Complex mixtures with Insane


Insane (INSert membrANE) is a CG building tool that generates membranes by distributing lipids over a grid. Lipid structures are derived from simple template definitions. Many are already included with the program (see below on how to add new ones). The program uses two grids, one for the inner and one for the outer leaflet, and distributes the lipids randomly over the grid cells with numbers according to the relative quantities specified. This allows for building asymmetric bilayers with specific lipid compositions. The program also allows for adding solvent and ions, using a similar grid protocol to distribute them over a 3D grid. Finally, Insane script can also be used to set up a complex (or simple!) bilayer system including membrane protein, see the Martini protein tutorial. Additional information about the functionality of Insane can be found by running insane.py -h.

Because Insane deals mostly with structure generation, it can be used for both Martini 2 and 3 lipids, to the extent that they keep the same number of beads and mapping. However, beware that this may not be always true for future Martini 3 lipid models. Conversely, not all the lipid types you’ll find available in Insane have been implemented in Martini 3.

As with other tutorials, this one offers a worked version with all the intermediate steps LipidBilayers_Part2_Worked.tar, and a bare one, that expects you to do and simulate more LipidBilayers_Part2.tar. Unpack the tutorial’s archive and enter the directory complex-bilayers/. We will create with insane.py a fully hydrated 3:1 mole ratio bilayer of dibehenoyl-phosphatidylcholine (DBPC) : dilinoleyl-phosphatidylcholine (DIPC), with physiological ion concentrations. DBPC has long saturated chains (22:0), whereas DIPC’s are shorter and polyunsaturated (18:2). Because of its saturation, DBPC has a gel-to-liquid transition temperature of 348 K; DIPC’s transition occurs at 216 K [2]. By simulating a mixture of these lipids at an intermediate temperature, we can expect the formation of two coexisting phases: a gel one enriched in DBPC, and a liquid one enriched in DIPC. In this tutorial we will be running a simulation at 283K, using DBPC and DIPC as opposite extremes to ensure a successful separation. We do this because Martini can’t (yet) always model this sort of phase separation when lipid transition temperatures are closer together; hopefully parameterization advances coupled to Martini 3 will be able to solve this!

Start by running insane.py:

python insane.py -salt 0.15 -x 25 -y 25 -z 11 -sol W -o membrane.gro -l DIPC:1 -l DBPC:3 -p topol.top

This will generate an initial configuration for the system membrane.gro (Fig. 1A) and a starting point for a working topology topol.top, which you must complete and correct (depending on the version of insane.py, your topol.top may have some includes referring to Martini 2 .itps, and some incompatible ion name spellings).

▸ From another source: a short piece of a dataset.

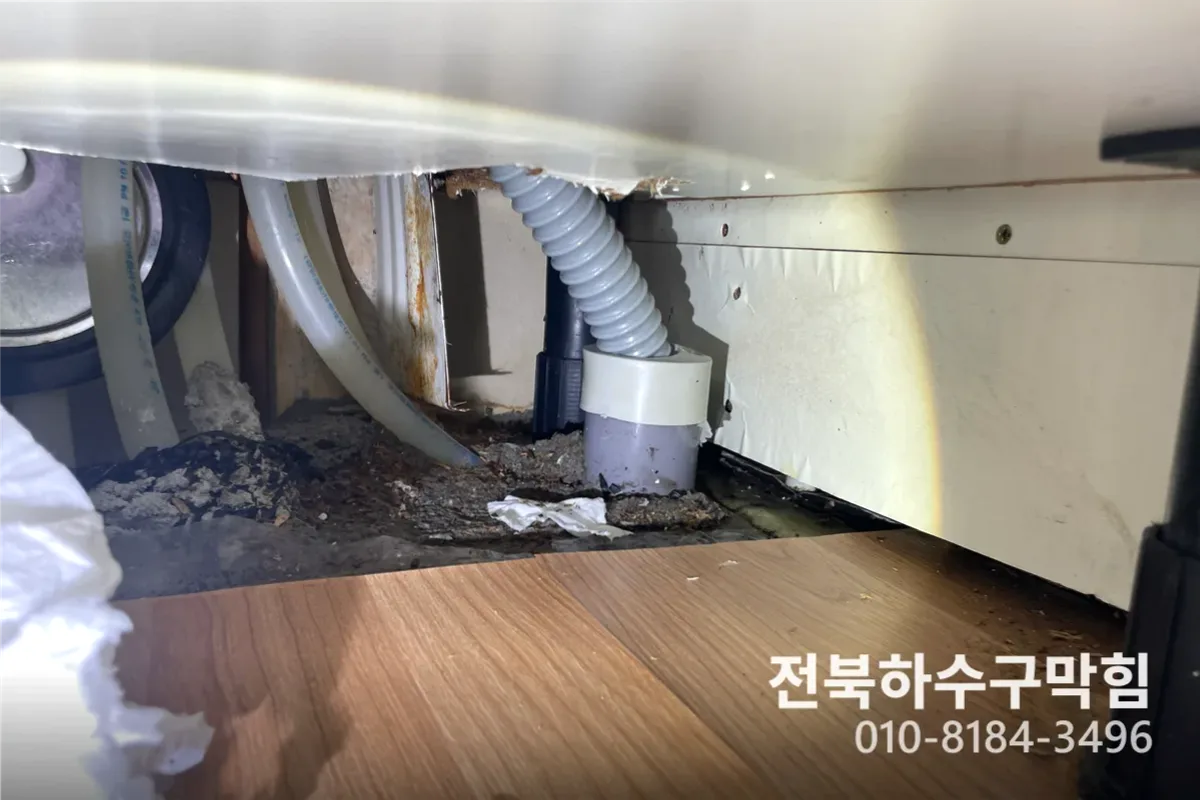 전주시 송천동 싱크대막힘 24시싱크대뚫기 작업 완료 후 정상 배수 확인 (24시싱크대뚫기부터)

Then, energy minimize the structure and gently equilibrate the system using the provided .mdp files. Note, because this simulation contains multiple components you will have to make an index file (using gmx make_ndx) and group all the lipids together and all the solvent together to fit the specified groups in the .mdp files; the .mdp files provided expect the index group names Bilayer and Solvent.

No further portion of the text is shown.